Posted on 04/06/2015 4:37:53 PM PDT by 9thLife

A long, long time ago - to borrow the words of the song - Don McLean sat down to write the first lines of an epic. First released in 1971, American Pie is a classic that an entire generation memorised line by line, verse by verse.

Fans around the world have argued over the true meaning of one of the most enigmatic songs in pop history. Faced with all the speculation, McLean's own response is defiantly down-to-earth: when people ask him what it means, he likes to reply, "It means I never have to work again."

American Pie, famously covered by Madonna in 2000, remains a highlight of McLean's shows and his admirers will have a chance to hear it again when he starts a new UK tour next month. This Tuesday, meanwhile, sees a new chapter in the song's history when the original manuscript goes up for auction at Christie's in New York. Experts believe it could fetch as much as £1million.

Already a wealthy man thanks to the royalties, McLean seems matterof-fact about the prospect of his most famous work going under the hammer. In his own mind, at least, it has already passed out of his own hands to become public property.

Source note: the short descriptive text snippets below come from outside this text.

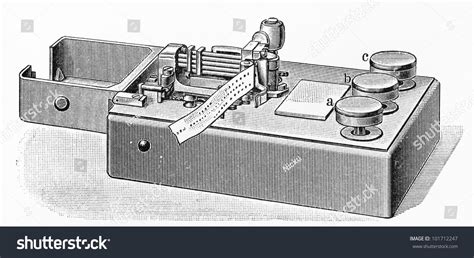 Vintage 19th Century Morse Code Telegraph Foto Stock 101712247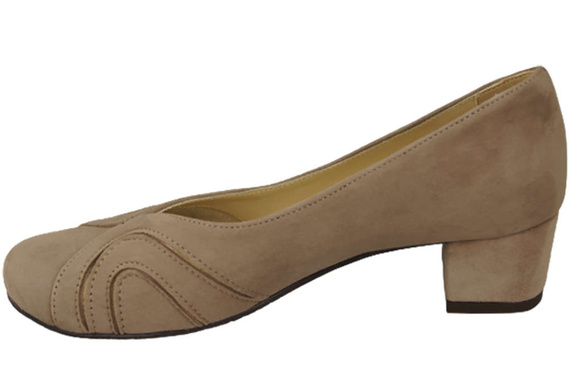 Damenschuhe Pumps aus natürlichem Wildleder Cappuccino Dark 786 Z ElitaBut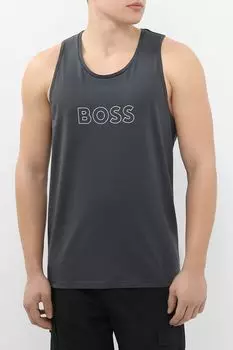 Майка хлопковая с принтом BOSS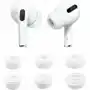 Tradebit Silikonowe gumki douszne do apple airpods pro gen 1/2/3 komplet (s, m, l) biały Sklep on-line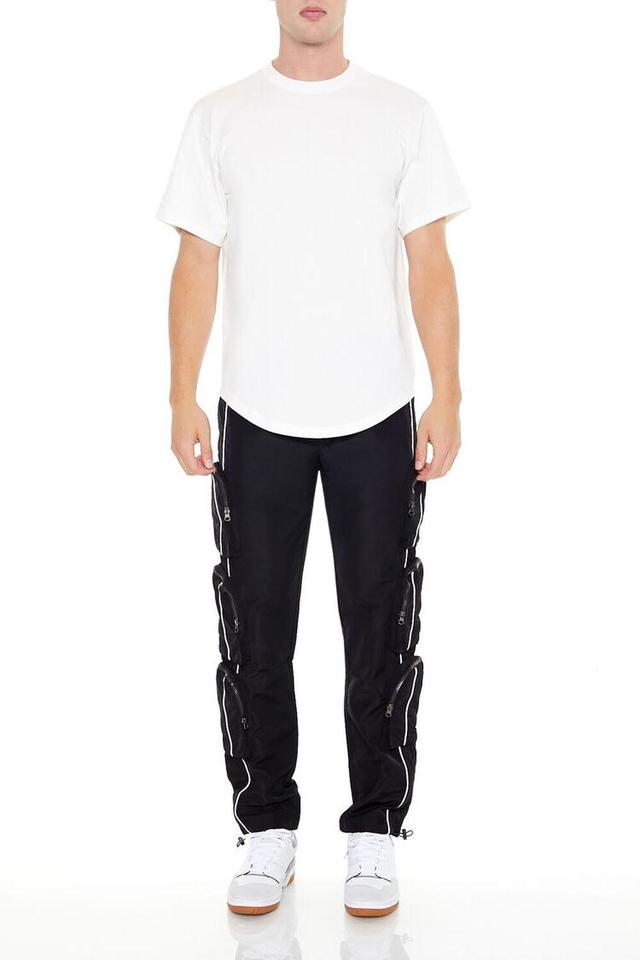 Striped Slim-Fit Cargo Pants | Forever 21 Product Image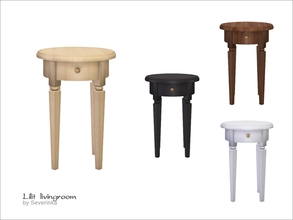 Sims 4 — Lilit End table by Severinka_ — End table of a set 'Lilit livingroom' 4 colors
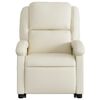 vidaXL Stand up Recliner Chair Cream Faux Leather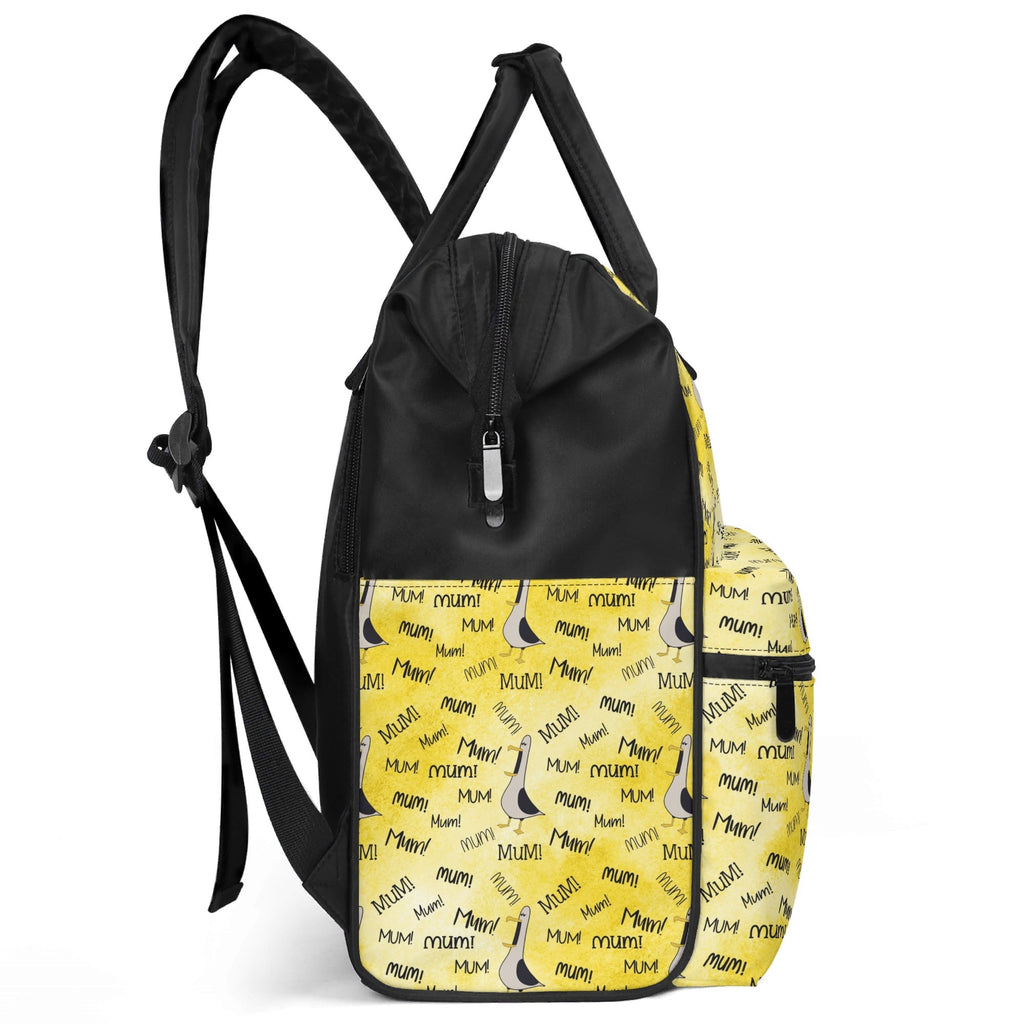 Mum Seagull Multi Pocket Backpack Multi Pocket Backpack animal Mum Printed Offshore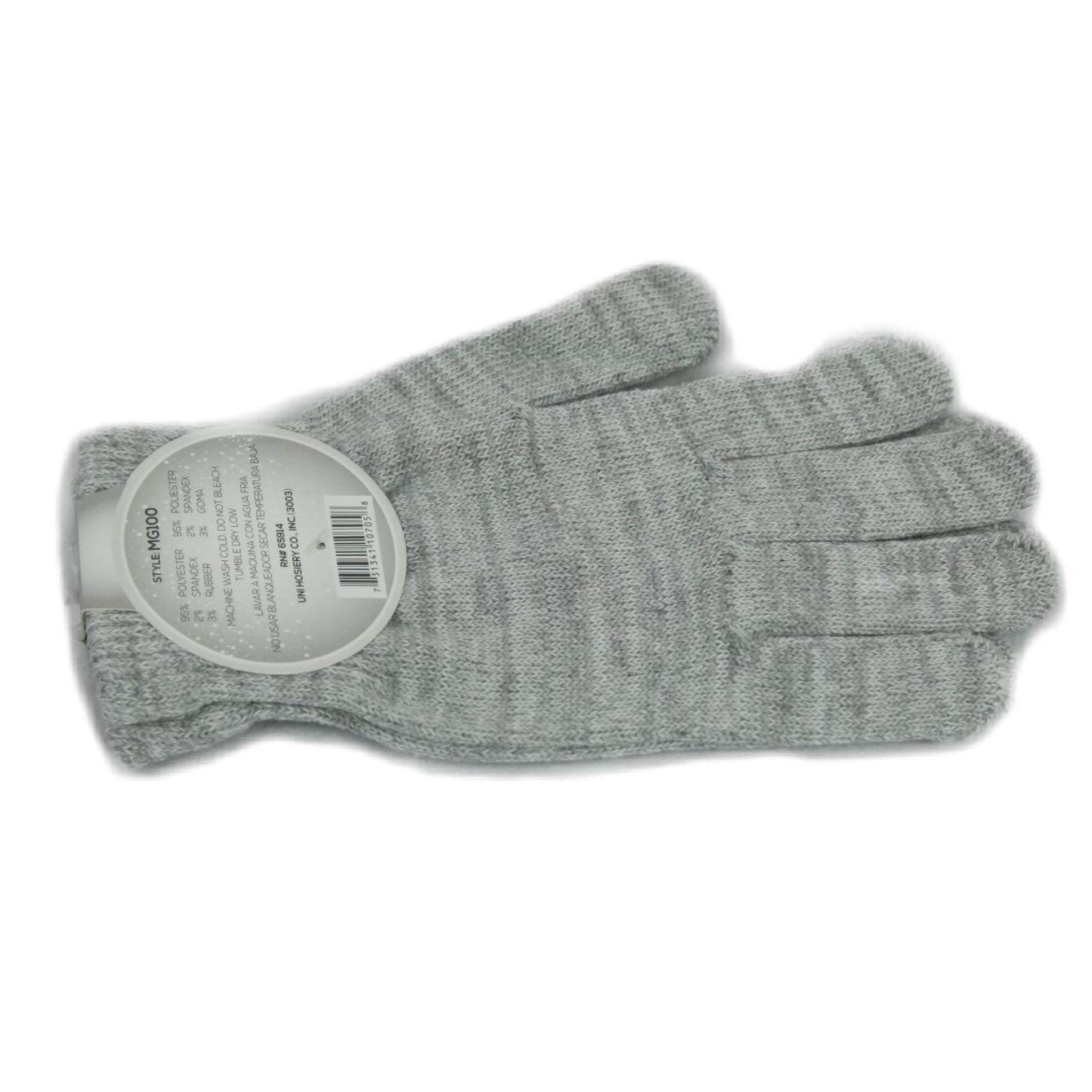 Women's Magic Gloves - Warm & Soft Stretch Knit Winter Gloves for Ladies, One Size Fits All - Perfect for Outdoor Activities, Snow Sports, and Everyday Winter Fashion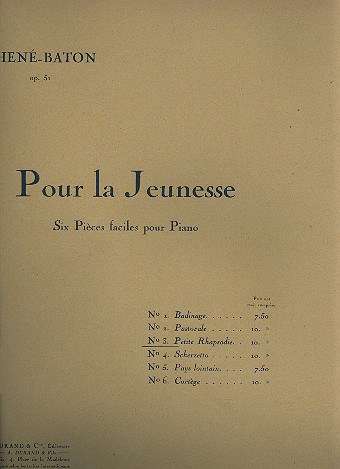 Petite Rhapsodie   pour piano  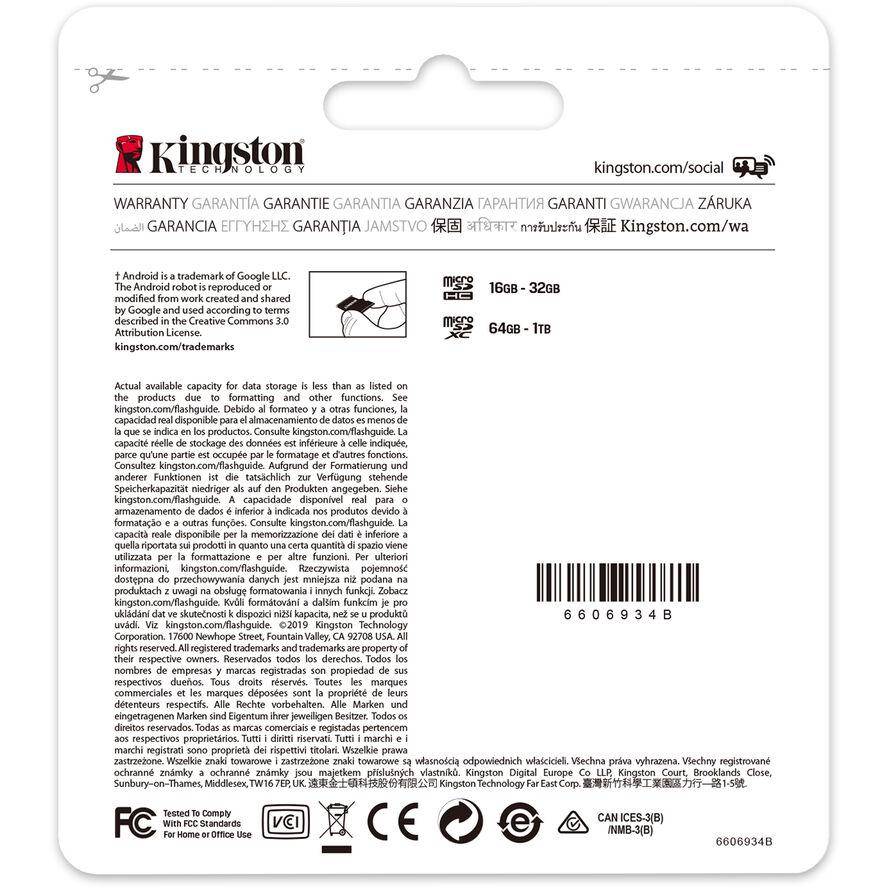 Kingston MicroSD 128GB Canvas Select Plus Klasse 10 (nicht DE)-3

Hidden away in a box in his home, the lyrics had lain almost forgotten for years. The soft-spoken singer finally decided to put them up for sale after he was contacted about the possibility of selling other memorabilia. After decades of touring and recording, it was time to take stock.

As he explains: "It occurred to me that there was some interest in the scratch work for a lot of the songs I had written. You know, I am going to be 70-years old this year, and my wife and children do not seem to have the knack of knowing when to sell something and when not to, so I said I had better do it for them.

It came out in pieces. It wasn't something I was figuring out Don McLean "Probably a year or two from now I will also sell a lot of my guitars and the clothes I wore on album covers."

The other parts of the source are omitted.